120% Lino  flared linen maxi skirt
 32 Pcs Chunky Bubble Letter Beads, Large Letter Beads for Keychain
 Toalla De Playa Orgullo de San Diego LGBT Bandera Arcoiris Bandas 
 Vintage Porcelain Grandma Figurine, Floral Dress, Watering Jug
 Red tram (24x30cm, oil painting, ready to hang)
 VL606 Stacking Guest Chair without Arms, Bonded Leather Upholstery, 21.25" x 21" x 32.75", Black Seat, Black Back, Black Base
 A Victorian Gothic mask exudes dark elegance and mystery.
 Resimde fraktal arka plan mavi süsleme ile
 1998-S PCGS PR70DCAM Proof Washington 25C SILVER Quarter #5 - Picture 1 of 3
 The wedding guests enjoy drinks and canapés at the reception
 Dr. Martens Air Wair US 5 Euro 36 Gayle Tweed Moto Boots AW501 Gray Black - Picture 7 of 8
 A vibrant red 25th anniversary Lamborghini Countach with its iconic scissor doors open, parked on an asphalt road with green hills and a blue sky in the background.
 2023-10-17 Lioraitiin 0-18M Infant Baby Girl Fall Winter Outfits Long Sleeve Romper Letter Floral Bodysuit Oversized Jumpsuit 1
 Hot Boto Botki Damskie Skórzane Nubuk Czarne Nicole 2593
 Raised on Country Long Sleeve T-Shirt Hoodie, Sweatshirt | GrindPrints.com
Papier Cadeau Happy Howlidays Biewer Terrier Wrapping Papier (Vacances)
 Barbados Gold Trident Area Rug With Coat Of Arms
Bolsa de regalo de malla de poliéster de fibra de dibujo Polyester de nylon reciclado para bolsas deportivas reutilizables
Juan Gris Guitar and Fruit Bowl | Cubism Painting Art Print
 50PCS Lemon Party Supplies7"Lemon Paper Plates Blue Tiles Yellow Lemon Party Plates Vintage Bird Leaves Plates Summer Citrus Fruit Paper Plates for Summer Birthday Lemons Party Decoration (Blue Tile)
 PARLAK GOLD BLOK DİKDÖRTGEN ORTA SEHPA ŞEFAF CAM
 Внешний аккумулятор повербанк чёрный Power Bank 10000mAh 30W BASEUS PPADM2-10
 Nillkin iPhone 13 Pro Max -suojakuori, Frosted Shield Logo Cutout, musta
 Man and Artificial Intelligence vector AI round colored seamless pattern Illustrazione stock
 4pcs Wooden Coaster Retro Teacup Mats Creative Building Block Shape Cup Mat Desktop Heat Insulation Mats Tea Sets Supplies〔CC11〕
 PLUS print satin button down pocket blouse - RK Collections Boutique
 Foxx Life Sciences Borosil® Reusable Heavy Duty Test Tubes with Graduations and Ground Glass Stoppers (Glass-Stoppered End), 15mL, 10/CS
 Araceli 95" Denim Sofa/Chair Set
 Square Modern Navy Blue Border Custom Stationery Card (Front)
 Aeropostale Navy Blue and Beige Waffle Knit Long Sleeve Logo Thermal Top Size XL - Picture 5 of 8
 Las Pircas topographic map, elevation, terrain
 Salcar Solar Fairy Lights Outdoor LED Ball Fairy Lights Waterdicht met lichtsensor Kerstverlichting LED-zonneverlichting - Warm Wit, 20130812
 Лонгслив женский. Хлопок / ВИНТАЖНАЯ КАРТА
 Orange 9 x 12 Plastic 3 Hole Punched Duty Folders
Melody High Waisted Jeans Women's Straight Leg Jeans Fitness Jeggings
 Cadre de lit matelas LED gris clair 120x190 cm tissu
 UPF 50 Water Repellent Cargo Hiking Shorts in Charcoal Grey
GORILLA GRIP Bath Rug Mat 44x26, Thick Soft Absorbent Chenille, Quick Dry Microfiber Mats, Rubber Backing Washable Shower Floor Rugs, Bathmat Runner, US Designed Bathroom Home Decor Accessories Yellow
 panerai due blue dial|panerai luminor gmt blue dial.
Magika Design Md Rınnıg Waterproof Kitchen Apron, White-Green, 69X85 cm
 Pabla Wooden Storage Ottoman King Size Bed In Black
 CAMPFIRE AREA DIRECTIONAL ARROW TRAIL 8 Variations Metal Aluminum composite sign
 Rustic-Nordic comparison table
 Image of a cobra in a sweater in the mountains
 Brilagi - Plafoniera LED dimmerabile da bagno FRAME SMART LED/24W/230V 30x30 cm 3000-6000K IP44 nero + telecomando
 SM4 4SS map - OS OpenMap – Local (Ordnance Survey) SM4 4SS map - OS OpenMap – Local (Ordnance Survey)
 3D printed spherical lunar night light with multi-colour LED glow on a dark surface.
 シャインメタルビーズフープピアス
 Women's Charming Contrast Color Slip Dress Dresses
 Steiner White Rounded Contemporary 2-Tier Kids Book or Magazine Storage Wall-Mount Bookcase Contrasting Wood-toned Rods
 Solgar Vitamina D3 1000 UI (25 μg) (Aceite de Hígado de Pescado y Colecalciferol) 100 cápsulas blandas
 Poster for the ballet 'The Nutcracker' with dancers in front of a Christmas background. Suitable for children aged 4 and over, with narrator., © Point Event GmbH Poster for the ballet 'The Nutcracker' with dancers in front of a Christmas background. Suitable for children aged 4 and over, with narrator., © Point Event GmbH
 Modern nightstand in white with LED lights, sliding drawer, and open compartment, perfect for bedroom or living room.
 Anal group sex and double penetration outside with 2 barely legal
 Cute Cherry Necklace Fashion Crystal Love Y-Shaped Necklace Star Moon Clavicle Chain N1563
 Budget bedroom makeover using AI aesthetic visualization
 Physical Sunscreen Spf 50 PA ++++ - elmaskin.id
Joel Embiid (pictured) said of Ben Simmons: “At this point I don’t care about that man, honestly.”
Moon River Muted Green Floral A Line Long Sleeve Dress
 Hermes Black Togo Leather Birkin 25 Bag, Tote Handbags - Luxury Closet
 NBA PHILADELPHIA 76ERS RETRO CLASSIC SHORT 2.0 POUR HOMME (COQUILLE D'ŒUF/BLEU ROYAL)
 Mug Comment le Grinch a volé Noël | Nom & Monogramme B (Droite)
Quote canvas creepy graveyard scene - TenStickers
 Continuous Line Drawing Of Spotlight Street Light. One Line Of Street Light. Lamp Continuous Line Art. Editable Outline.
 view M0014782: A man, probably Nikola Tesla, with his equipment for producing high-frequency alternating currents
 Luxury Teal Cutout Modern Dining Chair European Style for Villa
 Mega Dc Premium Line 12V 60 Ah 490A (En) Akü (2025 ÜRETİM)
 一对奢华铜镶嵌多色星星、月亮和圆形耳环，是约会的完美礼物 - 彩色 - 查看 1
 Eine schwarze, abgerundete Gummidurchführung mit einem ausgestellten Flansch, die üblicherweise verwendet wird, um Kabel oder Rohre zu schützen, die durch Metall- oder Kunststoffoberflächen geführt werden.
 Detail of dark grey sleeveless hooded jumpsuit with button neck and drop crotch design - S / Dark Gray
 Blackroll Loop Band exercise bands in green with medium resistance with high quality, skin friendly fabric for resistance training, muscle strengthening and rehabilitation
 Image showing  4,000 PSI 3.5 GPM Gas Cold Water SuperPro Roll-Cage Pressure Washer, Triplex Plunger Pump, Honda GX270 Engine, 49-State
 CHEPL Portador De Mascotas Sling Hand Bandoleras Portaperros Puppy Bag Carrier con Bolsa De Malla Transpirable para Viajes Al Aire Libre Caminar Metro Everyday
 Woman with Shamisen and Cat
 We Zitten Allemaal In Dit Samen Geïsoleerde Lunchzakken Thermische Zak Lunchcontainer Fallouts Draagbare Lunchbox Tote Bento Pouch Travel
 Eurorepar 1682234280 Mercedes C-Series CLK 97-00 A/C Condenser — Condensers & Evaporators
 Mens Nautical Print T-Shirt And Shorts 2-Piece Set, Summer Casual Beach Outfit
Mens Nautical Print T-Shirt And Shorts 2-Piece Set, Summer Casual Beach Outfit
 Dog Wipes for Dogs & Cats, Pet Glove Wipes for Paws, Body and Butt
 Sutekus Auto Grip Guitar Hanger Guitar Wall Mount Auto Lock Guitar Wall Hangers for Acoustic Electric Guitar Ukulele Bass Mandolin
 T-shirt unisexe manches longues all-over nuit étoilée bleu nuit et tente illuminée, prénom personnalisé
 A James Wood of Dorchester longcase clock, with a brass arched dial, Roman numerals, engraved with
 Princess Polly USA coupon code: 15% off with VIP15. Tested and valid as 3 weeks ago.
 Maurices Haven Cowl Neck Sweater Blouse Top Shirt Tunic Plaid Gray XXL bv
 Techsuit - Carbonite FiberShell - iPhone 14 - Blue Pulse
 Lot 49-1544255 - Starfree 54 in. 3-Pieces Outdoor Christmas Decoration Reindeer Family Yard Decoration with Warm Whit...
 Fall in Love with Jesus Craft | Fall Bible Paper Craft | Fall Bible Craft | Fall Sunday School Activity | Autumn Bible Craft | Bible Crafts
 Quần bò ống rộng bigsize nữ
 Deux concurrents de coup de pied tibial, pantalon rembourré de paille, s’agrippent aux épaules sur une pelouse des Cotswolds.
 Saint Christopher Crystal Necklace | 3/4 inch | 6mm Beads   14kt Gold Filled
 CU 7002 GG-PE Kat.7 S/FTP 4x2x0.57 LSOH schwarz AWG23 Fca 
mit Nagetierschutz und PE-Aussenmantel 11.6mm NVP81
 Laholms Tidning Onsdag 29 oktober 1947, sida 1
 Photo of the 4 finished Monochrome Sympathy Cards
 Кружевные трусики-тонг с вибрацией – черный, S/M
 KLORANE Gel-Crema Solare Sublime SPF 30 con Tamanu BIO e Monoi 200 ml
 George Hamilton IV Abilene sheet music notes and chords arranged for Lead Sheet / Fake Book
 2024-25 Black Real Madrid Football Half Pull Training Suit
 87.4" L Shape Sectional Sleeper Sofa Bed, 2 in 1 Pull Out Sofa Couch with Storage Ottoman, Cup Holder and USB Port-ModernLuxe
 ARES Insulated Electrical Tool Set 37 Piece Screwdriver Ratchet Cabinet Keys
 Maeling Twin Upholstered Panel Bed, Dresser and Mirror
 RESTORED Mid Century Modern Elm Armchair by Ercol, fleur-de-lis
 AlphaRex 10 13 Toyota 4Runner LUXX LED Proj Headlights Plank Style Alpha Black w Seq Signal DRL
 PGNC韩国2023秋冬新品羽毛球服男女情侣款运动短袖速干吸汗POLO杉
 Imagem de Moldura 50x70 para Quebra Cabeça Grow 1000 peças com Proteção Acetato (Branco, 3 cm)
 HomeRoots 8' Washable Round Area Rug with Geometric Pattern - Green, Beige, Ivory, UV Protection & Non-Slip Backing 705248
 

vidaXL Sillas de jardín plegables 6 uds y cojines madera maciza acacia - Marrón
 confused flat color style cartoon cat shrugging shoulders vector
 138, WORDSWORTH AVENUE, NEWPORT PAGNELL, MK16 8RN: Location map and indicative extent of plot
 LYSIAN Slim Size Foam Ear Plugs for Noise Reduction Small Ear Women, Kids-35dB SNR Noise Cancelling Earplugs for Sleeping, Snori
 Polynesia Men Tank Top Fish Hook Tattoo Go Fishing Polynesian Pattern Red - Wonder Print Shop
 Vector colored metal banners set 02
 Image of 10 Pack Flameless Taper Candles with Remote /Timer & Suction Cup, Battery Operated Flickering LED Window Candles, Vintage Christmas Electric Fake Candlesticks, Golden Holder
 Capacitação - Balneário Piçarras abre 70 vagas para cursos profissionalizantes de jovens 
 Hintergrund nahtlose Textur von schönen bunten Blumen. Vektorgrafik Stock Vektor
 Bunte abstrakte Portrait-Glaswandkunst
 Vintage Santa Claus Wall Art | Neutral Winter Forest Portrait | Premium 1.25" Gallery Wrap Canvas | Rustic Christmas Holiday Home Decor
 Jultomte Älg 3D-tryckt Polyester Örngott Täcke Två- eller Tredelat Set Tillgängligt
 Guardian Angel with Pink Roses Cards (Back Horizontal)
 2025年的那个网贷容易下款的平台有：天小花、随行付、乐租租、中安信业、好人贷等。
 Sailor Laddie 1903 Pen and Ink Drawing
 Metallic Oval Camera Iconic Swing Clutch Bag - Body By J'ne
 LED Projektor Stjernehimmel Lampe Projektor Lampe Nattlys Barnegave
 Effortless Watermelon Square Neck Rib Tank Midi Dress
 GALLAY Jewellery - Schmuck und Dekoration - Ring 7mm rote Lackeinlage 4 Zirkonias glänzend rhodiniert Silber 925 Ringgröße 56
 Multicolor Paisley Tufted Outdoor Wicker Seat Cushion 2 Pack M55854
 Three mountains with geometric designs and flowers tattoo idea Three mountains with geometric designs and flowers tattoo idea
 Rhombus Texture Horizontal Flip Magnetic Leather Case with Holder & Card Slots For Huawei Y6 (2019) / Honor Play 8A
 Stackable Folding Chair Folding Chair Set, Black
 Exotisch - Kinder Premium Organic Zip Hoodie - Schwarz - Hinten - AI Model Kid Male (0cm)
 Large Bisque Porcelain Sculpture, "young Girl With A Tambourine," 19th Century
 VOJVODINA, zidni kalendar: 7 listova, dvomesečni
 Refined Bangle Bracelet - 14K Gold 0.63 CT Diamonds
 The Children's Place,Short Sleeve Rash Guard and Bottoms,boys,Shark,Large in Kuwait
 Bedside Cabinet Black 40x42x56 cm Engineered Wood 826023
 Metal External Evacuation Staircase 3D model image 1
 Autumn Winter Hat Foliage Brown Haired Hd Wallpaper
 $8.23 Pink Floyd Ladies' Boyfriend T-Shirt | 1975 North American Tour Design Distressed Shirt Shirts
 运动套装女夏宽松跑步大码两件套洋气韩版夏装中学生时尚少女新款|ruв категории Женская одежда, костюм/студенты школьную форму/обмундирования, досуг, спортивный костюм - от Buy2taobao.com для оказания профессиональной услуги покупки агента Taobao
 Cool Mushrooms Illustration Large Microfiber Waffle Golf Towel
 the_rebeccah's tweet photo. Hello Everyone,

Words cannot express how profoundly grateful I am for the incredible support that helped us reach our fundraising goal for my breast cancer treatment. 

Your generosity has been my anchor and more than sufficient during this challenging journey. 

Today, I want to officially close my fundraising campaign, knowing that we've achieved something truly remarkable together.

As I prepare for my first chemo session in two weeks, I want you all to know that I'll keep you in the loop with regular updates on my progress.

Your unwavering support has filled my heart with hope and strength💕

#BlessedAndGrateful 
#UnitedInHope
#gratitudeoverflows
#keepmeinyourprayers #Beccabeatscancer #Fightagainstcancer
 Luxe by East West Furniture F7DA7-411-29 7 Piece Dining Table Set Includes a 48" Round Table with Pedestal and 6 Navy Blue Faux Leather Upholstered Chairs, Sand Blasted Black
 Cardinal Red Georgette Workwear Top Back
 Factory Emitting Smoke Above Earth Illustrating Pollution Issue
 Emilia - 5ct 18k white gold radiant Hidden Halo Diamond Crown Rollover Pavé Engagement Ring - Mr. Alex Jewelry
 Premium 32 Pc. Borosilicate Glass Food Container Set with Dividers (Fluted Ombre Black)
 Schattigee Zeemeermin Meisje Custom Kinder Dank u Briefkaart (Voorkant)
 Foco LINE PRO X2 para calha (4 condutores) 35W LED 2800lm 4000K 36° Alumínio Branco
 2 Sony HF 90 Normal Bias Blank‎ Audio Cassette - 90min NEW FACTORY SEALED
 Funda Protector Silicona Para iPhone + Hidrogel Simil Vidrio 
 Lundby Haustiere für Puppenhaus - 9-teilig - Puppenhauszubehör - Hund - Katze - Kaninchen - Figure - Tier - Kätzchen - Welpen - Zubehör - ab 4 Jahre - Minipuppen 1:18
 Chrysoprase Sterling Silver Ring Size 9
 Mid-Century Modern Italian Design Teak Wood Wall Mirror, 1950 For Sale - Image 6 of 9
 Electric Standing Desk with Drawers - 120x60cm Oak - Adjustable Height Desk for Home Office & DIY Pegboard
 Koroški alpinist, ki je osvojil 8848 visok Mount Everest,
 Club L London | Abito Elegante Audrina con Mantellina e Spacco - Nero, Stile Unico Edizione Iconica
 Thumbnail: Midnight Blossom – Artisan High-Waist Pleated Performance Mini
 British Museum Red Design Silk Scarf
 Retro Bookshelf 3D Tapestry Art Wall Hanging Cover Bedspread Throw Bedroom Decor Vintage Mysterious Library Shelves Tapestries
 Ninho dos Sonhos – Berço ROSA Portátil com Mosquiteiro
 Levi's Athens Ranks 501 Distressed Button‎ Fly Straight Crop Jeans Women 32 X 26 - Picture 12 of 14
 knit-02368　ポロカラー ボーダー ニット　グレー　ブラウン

- [What the task requires]: Where the line holding "Quần bò ống rộng bigsize nữ" appears in the listing above, start reproducing exactly, and end with the line holding "KLORANE Gel-Crema Solare".

- [Answer section]:
 Quần bò ống rộng bigsize nữ
 Deux concurrents de coup de pied tibial, pantalon rembourré de paille, s’agrippent aux épaules sur une pelouse des Cotswolds.
 Saint Christopher Crystal Necklace | 3/4 inch | 6mm Beads   14kt Gold Filled
 CU 7002 GG-PE Kat.7 S/FTP 4x2x0.57 LSOH schwarz AWG23 Fca 
mit Nagetierschutz und PE-Aussenmantel 11.6mm NVP81
 Laholms Tidning Onsdag 29 oktober 1947, sida 1
 Photo of the 4 finished Monochrome Sympathy Cards
 Кружевные трусики-тонг с вибрацией – черный, S/M
 KLORANE Gel-Crema Solare Sublime SPF 30 con Tamanu BIO e Monoi 200 ml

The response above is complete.